• WORK ORDER
Please output exactly the part of the records below that opens with the line containing "BÁN NHÀ NHỈNH" and closes with the line containing "JJDXBPPDD Women's Shoulder Bags", both lines included, and nothing else.

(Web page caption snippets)
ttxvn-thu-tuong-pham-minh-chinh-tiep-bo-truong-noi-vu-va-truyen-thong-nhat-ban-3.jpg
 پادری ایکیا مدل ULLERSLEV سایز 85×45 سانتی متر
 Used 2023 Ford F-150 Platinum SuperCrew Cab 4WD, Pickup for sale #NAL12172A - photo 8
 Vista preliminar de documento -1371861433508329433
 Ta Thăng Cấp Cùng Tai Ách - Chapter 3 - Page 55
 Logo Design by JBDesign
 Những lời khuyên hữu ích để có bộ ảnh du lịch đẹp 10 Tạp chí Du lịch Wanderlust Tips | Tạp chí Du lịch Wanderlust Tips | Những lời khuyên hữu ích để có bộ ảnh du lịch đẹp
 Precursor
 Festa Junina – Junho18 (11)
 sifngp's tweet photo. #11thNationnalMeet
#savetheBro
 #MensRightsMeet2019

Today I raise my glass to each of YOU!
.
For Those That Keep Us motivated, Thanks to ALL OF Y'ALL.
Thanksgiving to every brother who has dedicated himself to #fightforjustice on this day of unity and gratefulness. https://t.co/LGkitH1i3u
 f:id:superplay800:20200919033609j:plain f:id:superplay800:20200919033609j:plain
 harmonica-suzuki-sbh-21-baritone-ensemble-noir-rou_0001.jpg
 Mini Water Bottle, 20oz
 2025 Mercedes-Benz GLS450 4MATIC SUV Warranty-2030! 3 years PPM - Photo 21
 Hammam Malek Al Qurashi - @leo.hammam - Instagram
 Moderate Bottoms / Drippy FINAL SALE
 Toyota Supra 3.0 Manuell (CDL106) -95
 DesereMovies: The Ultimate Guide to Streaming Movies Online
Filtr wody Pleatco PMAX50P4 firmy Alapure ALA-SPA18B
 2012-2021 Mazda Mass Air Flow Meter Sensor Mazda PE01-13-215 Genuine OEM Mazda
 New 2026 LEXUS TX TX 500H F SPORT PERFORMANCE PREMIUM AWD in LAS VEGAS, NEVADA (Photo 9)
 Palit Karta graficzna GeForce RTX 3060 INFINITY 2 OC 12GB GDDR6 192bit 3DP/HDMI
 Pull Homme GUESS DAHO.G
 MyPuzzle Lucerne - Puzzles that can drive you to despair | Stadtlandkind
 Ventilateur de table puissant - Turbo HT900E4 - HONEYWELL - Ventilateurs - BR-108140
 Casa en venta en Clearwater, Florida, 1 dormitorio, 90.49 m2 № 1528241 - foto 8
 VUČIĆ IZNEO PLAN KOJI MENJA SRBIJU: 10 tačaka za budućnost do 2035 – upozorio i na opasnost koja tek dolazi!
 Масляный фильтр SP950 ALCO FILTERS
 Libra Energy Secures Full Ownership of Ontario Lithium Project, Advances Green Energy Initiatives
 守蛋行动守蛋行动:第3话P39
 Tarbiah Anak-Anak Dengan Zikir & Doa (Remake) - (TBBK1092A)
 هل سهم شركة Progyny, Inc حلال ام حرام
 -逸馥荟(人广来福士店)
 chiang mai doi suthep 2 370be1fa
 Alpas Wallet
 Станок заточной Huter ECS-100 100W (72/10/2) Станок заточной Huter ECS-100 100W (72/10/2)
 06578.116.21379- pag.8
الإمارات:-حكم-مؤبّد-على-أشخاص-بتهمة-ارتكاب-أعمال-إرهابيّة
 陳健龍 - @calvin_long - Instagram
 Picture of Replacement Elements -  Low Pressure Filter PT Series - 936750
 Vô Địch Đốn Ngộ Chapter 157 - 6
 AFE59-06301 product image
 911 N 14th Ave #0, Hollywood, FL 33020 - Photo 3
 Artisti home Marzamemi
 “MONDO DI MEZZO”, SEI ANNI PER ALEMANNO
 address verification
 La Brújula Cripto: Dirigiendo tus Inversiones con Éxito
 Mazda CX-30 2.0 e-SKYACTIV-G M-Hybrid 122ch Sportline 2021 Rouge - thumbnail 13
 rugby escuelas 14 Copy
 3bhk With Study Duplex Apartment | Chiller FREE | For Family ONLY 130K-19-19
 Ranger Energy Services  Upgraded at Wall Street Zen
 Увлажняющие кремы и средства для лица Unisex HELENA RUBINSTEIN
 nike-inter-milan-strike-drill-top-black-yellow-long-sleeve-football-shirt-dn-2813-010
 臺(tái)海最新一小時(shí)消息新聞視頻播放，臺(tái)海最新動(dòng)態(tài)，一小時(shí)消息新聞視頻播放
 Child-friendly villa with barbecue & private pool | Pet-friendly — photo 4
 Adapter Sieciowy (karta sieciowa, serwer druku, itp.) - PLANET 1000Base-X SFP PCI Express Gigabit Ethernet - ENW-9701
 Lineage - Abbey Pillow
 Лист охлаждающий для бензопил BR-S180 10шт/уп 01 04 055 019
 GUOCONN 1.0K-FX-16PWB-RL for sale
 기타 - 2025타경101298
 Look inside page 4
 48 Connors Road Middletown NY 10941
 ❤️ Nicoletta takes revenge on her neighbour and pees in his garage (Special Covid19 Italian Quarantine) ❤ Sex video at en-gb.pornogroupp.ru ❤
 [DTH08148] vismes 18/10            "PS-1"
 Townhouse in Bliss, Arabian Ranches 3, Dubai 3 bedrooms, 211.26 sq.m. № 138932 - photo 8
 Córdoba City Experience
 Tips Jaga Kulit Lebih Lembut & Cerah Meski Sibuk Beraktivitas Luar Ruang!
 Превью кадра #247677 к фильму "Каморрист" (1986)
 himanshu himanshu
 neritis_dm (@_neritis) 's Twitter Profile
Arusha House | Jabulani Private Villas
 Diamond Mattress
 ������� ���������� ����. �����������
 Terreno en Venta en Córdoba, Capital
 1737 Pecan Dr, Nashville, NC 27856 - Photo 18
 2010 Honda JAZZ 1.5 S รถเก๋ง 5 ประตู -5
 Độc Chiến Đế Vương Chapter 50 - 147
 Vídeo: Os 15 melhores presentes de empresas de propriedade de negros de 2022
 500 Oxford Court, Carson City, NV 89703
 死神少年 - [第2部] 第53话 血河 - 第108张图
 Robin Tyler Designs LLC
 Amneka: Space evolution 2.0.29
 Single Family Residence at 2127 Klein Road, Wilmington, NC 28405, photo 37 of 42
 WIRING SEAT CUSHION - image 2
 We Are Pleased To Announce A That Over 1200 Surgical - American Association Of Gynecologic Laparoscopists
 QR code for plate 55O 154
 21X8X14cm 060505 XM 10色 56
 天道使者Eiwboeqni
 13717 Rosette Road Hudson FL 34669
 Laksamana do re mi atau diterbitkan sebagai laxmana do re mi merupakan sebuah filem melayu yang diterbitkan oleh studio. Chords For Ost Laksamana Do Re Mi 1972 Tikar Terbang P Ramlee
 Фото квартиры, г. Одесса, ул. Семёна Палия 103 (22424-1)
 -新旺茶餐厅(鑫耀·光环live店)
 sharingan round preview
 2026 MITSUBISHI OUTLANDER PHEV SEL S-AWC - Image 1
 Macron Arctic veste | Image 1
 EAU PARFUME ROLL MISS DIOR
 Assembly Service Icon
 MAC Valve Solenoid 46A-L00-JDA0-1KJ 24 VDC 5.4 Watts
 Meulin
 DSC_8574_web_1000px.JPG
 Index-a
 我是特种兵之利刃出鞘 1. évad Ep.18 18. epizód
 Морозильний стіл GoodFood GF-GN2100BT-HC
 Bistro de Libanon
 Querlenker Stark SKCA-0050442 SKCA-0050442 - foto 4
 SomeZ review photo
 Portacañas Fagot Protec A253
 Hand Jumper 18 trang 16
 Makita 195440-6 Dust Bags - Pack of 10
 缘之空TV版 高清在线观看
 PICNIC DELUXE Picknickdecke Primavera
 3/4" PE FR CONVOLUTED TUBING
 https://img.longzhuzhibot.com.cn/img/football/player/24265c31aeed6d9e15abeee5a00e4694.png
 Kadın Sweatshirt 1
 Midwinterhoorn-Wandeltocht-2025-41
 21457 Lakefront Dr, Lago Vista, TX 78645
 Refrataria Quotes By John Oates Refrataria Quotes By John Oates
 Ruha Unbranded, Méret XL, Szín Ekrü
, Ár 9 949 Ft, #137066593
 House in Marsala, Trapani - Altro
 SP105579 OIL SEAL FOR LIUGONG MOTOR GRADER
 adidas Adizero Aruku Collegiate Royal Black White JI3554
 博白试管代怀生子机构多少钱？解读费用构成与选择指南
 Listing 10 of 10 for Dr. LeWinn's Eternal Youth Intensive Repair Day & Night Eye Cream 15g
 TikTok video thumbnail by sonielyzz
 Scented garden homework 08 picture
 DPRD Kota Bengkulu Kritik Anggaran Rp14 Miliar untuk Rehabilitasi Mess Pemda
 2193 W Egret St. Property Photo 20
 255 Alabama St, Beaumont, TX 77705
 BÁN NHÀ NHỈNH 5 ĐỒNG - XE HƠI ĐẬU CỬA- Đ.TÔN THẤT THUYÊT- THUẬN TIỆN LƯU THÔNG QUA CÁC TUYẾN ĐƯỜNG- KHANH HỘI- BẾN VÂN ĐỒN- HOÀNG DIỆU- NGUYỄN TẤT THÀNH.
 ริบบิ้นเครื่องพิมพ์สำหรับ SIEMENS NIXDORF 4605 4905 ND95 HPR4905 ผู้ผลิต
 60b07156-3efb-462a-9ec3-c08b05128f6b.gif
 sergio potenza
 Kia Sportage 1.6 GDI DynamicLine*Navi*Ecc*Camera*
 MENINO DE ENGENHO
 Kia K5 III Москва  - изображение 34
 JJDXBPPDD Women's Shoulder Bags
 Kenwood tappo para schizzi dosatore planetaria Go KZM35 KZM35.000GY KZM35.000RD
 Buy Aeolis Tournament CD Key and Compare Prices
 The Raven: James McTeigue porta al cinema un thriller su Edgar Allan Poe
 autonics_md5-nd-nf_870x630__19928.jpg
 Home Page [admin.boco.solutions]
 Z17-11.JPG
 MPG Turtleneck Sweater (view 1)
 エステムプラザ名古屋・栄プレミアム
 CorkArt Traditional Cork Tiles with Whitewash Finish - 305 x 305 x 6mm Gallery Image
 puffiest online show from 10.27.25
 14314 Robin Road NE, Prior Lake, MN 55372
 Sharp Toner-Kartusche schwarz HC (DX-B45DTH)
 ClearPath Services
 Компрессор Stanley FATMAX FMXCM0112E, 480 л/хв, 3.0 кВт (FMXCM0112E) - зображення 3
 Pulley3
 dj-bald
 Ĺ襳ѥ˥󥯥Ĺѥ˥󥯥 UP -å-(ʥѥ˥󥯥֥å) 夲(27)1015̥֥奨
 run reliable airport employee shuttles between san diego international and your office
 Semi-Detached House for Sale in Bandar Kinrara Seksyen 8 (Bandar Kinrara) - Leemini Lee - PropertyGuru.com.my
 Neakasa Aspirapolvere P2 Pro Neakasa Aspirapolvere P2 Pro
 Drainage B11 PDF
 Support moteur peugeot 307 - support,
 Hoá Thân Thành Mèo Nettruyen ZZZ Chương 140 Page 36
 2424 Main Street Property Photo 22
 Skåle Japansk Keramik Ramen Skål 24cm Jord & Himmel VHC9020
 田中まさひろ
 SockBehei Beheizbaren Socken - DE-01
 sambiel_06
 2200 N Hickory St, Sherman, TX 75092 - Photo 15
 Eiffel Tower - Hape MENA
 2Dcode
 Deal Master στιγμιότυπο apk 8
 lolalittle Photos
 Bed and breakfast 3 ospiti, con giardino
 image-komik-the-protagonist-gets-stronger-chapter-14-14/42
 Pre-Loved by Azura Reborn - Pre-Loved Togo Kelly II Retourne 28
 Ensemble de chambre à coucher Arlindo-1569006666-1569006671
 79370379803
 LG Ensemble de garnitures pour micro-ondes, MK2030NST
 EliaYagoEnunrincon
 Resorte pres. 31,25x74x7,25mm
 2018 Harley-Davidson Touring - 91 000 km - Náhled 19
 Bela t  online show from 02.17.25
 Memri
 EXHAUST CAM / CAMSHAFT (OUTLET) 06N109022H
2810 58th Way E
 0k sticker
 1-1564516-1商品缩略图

• WRITTEN SOLUTION
 BÁN NHÀ NHỈNH 5 ĐỒNG - XE HƠI ĐẬU CỬA- Đ.TÔN THẤT THUYÊT- THUẬN TIỆN LƯU THÔNG QUA CÁC TUYẾN ĐƯỜNG- KHANH HỘI- BẾN VÂN ĐỒN- HOÀNG DIỆU- NGUYỄN TẤT THÀNH.
 ริบบิ้นเครื่องพิมพ์สำหรับ SIEMENS NIXDORF 4605 4905 ND95 HPR4905 ผู้ผลิต
 60b07156-3efb-462a-9ec3-c08b05128f6b.gif
 sergio potenza
 Kia Sportage 1.6 GDI DynamicLine*Navi*Ecc*Camera*
 MENINO DE ENGENHO
 Kia K5 III Москва  - изображение 34
 JJDXBPPDD Women's Shoulder Bags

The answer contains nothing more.